The opportunities for coaching people are vast. Here is a detailed list of the top 14 significant and common areas to be mindful of when coaching people that will make an immediate impact on their performance.
In a prior blog, I discussed The Gap, which is where the real magic happens and true coaching moment is uncovered. The Gap is the space that exists between where someone is today and where they want or need to be. That Gap or Coaching Moment can be anything from an assumption, limiting belief, skill, strategy, process, activity or even a relationship that needs upgrading or repairing, just to name a few. What I have found is that the gap represents several key areas of opportunity that you can coach someone around. Here are 14 areas to be mindful of when coaching your direct reports.
1. Their Communication or The Message:
That is, the language, dialogue, message or communication regarding style, delivery, presence and disposition. Coaching the message, the ‘language’ or the way your salespeople communicate, engage with prospects and customers, deliver their presentation, facilitate a conversation, even how they deliver their compelling case or handle objections is one of the most important, yet overlooked coaching opportunity managers continue to step over. It’s one thing to provide your people with a sales process, templates and collateral materials. But do you really know what they say and how they communicate with each customer they interact with? Do you know the precise qualifying questions they ask, and the ones they’re afraid to ask?
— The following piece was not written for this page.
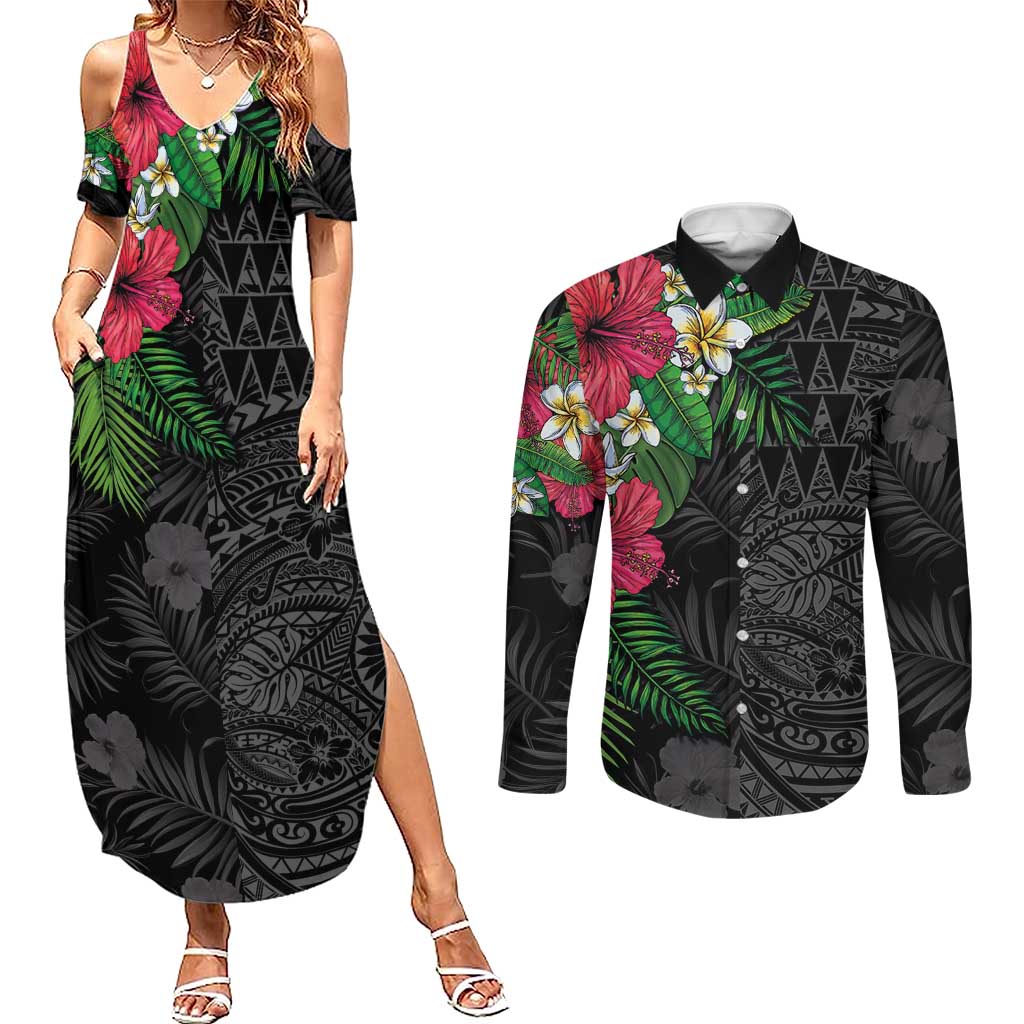 Hawaiian Tropical Plants Couples Matching Summer Maxi Dress and Long Sleeve Button Shirt Kakau Tattoo and Polynesian Pattern Half Black Color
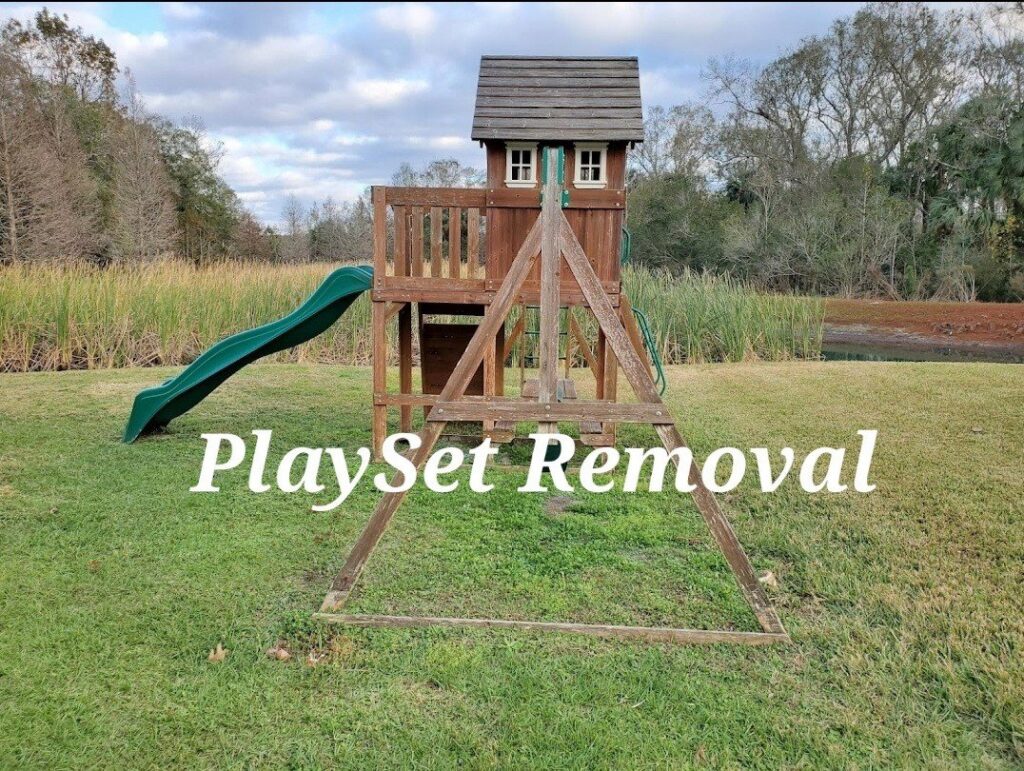A wooden playset ready for removal service by Dump My Junk LLC Demolition & Dumpster Rental in Tampa, FL.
Think about your sales team. Think about your top performer and your underperformer. Aside from their disposition, drive, skill, experience, confidence and attitude, the greatest difference between your A players and C players is how they communicate and come across. The best salespeople are simply the best communicators. They are willing to engage in the tougher conversations and ask the more challenging questions. They communicate in a way that’s precise and makes an immediate impact in every conversation.
After all, selling is a language. So, coach the language. Remember however, when coaching around the message, it’s not enough to tell your salespeople, “The next time you’re in a situation like that, you need to qualify better and ask more questions.” That’s sharing an observation, not developing their communication skills. Instead, begin by asking, “What information do you need to know about every prospect and customer you speak with?” Then, follow up with, “Okay, so what questions do you always need to ask your customers and prospects that would provide you with this critical information you need?” Now, you shifted from sharing and observation to truly developing their communication skills, as well as the positive attitude that surrounds it.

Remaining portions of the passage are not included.